Schematic of a printing process for the 3D printer.
3 Functional Testing
After development of a 3D printer for concrete structures is completed, its printing capability and function were tested focusing on the layering and dispensing of the cementitious materials. Experimental trials were performed by printing a hollow wall design (580 × 320 mm), as shown in Fig. 5. An important aspect of the test was to find out material properties and mechanical control by examining the layering condition of cementitious materials and its hardening process.
a Printing of a hollow wall using the 3D printer and b printed hollow wall for functional testing of the 3D printer.
In the experiments, paste, the mixture of cement and water, was used to find the optimum value of W/C ratio and efficient viscosity for the layering and dispensing of the cementitious materials. Then, mortar which is composed of paste and sand was tested by adding different sizes of sand to find efficient size and ratio of sand from the suitable ratio of the paste. After finding the suitable sand size and ratio of sand, PVA fibers were included in the mix to improve buildability of the printing. Different ratio of PVA fibers were tested to find the optimal mix for the printing of cementitious material. Also, the slump-flow tests for each tested material were performed to seek an efficient viscosity of the materials from the values of slump flow spread. Then, hollow walls are printed with each cementitious material. Therefore, the appropriate mix design ratio for the printer was determined and tested from the result of experiments.

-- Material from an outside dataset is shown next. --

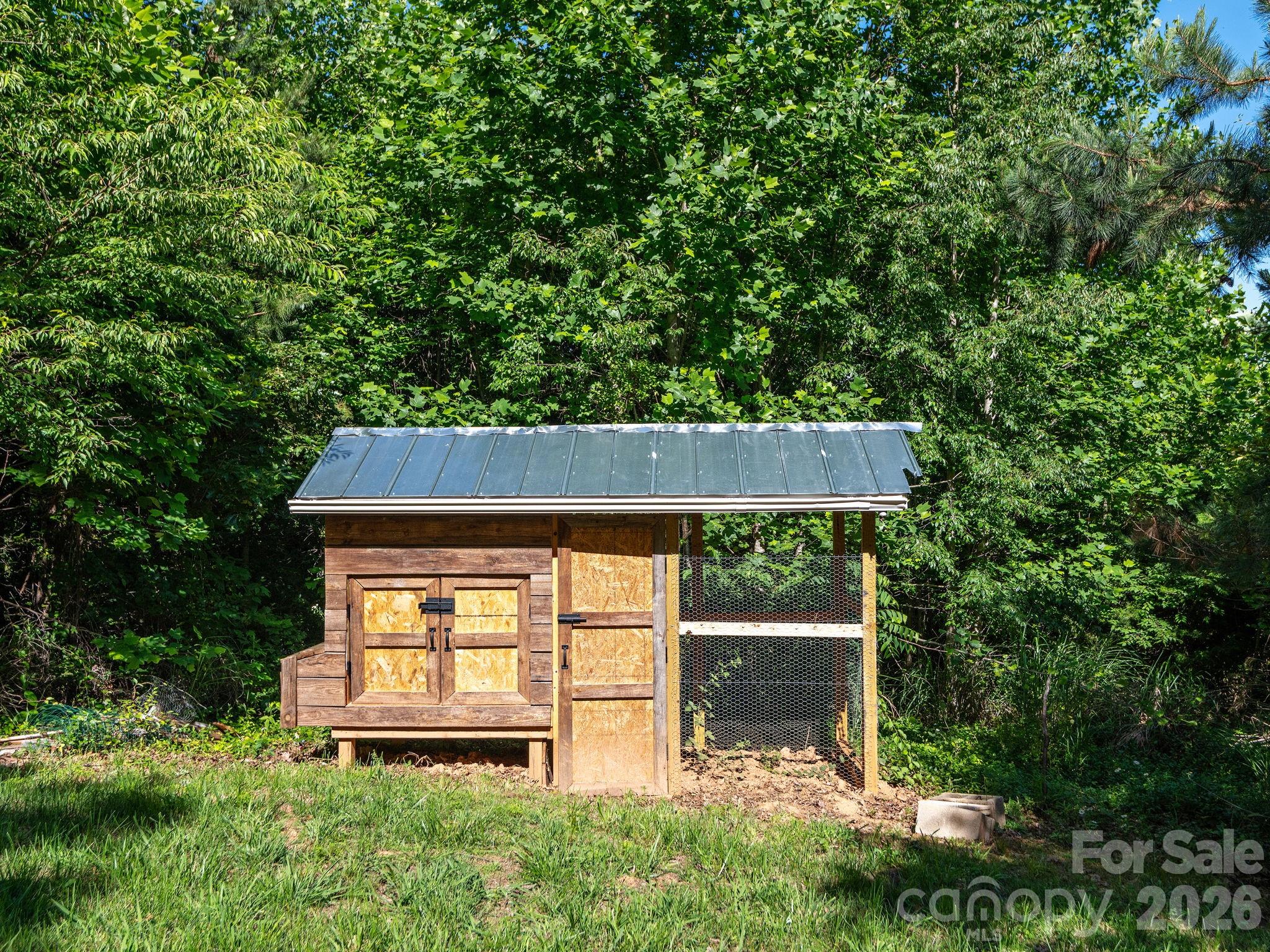 147 W Oakview Road — Asheville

After finding optimal mix ratio for the cementitious materials for the printing, mixtures’ compressive strength is determined using BS 1881-116:1983.
Throughout the functional testing, an ordinary commercial general type 1 cement was used. Two sizes of sand, maximum size of 0.8 mm and 0.7 mm, and polyvinyl alcohol (PVA) fibers were used to determine a suitable and efficient mix design ratio for the printer to print the hollow wall. Before the printing of each hollow wall with the different mix design, a trial run of cementitious materials using the 3D printer was participated to determine settings of the printing such as motion speed of the nozzle, a rotational speed of a screw and height of the nozzle. During the experimental trials, the diameter of the nozzle tip was 30 mm, and the bed size corresponding to the total range of the nozzle movement on each axis was 1 × 1 × 1 m.
4 Results and Discussion
For functional testing, three different types of mix designs: (1) cement and water, (2) cement, water and sand, and (3) cement, water, sand, and PVA fibers were used to find optimum mix ratios for dispensing and layering the cementitious materials and print three hollow walls. During the experiments, three aspects of the 3D printing of cementitious materials are studied: a material aspect, a control aspect, and other aspects found during the experiments.
4.1 Material Aspect
Initially, the paste was used to find an efficient slump flow spread value for dispensing and layering the cementitious materials. Since material viscosity is the most important factor for clear dispensing and layering, a slump-flow test was used to find an optimum slump flow spread of materials before printing. Table 1 summarizes the different mix design ratios used for functional test and the slump-flow test is performed for each ratio.
The first mix, the mix design 1-1, had a slump flow spread of 220 mm at which the paste was dispensed; unfortunately, layering did not occur because of inconsistent dispensing. The paste was watery and produced inconsistency in the extruded material. Therefore, in the second mix design, the water-cement ratio (W/C) was decreased to have more control on the flow value. In this case, the flow value was maintained at a minimum value of 190 mm, which become a firm. A cement paste with a slump flow spread of 185 mm, the mix design 1-4, was tested, but the material was too stiff to be dispensed without clogging the nozzle. However, the mix design 1-2 and 1-3 with W/C ratios of 0.32 and 0.30, respectively, were continuously dispensed and successfully layered the materials. The printed wall using the materials was stable despite some defects caused by shrinkage cracking, as shown in Fig. 6.
Constructed hollow walls with the paste.
The printer took approximately 10 min to print a 63 mm high wall composed of 9 layers. These experimental trials showed that W/C ratio and slump flow spread should be maintained between 0.30 to 0.32 and 190 to 200 mm, respectively, for optimum extraction, dispensing, and proper layering of the cementitious materials.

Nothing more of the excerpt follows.